### ACTION ITEM
Beginning with the line that holds "Kundan Embellished Necklace", write out each line exactly as it stands until the end of the data, and include no pictures.
*** EXERCISE INPUT Section Begins ***
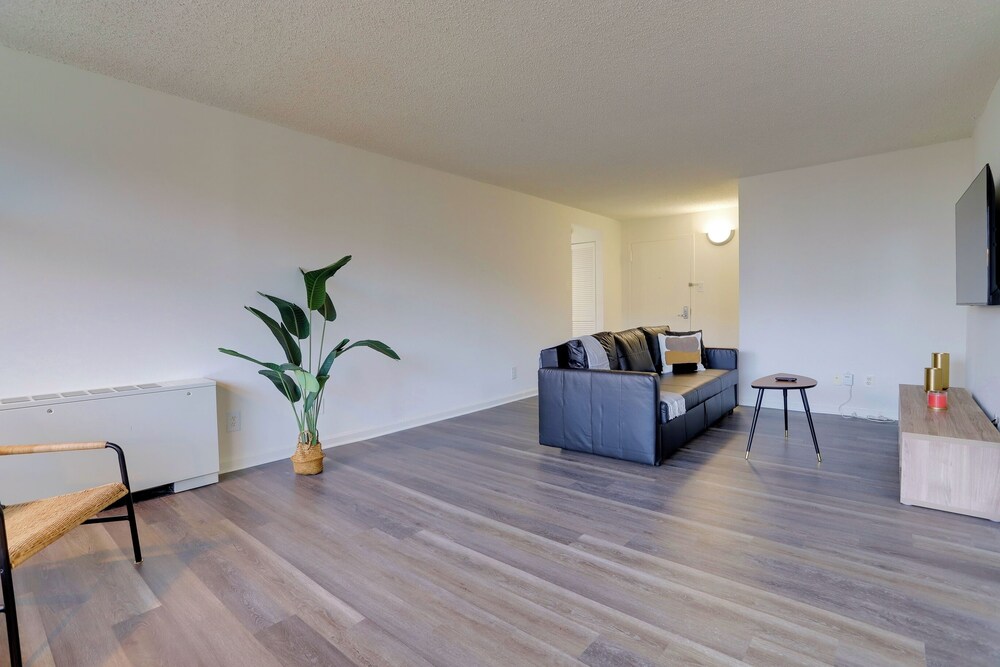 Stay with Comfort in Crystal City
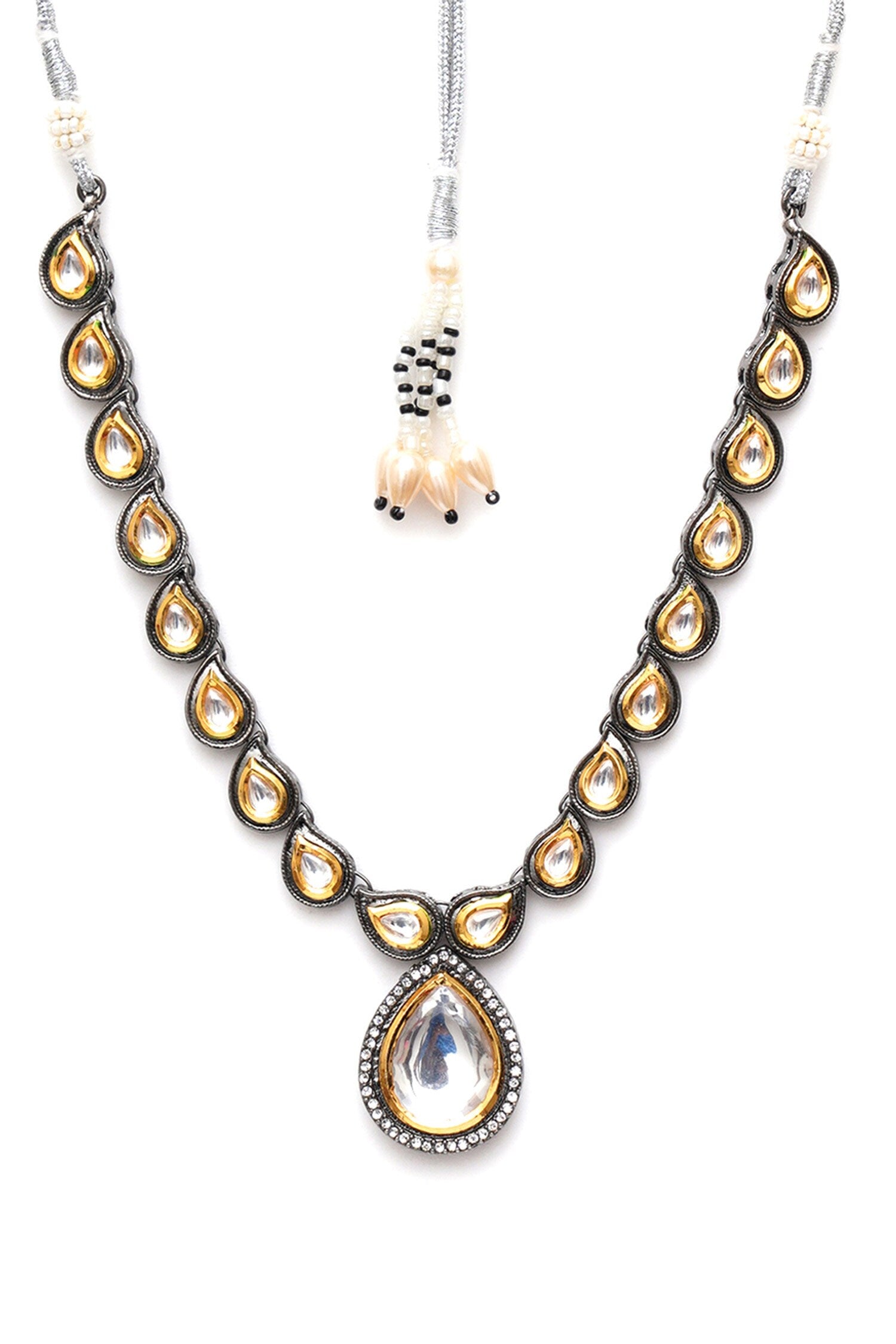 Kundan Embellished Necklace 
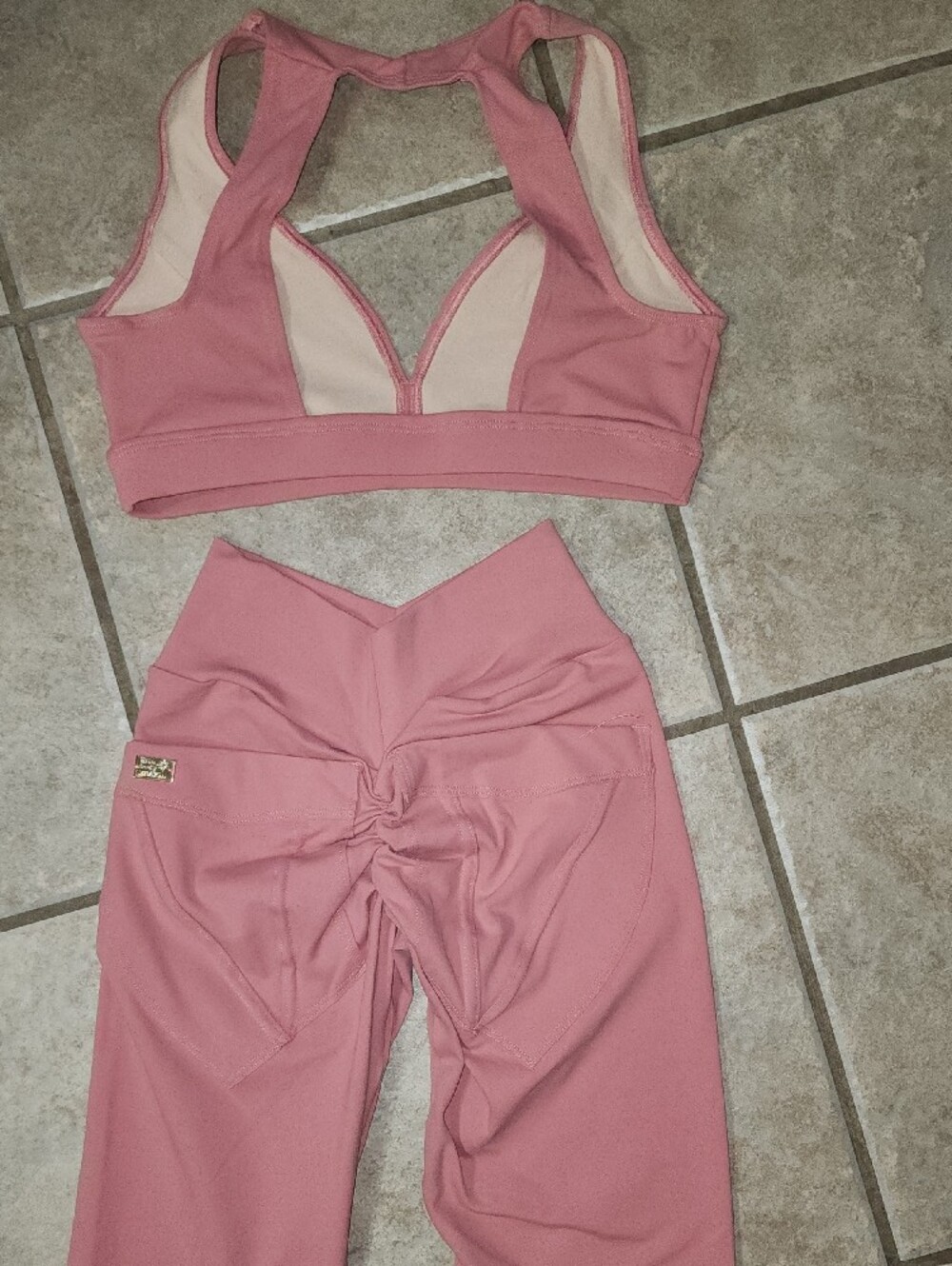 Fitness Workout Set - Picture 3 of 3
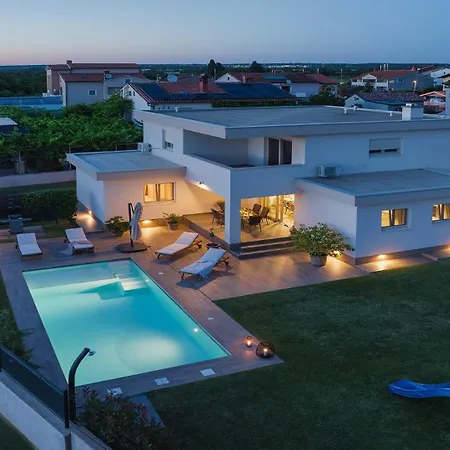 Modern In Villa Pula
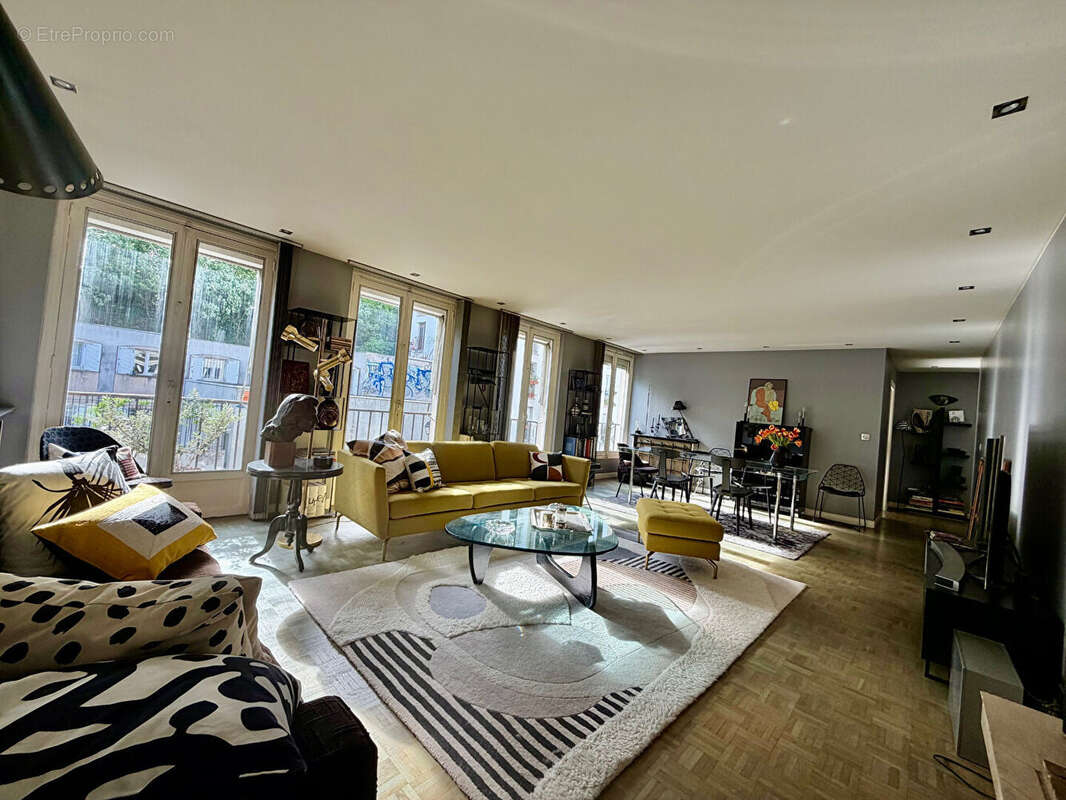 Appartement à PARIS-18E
*** EXERCISE INPUT Section Ends ***
### WRITTEN REPLY
 Kundan Embellished Necklace 
 Fitness Workout Set - Picture 3 of 3
 Modern In Villa Pula
 Appartement à PARIS-18E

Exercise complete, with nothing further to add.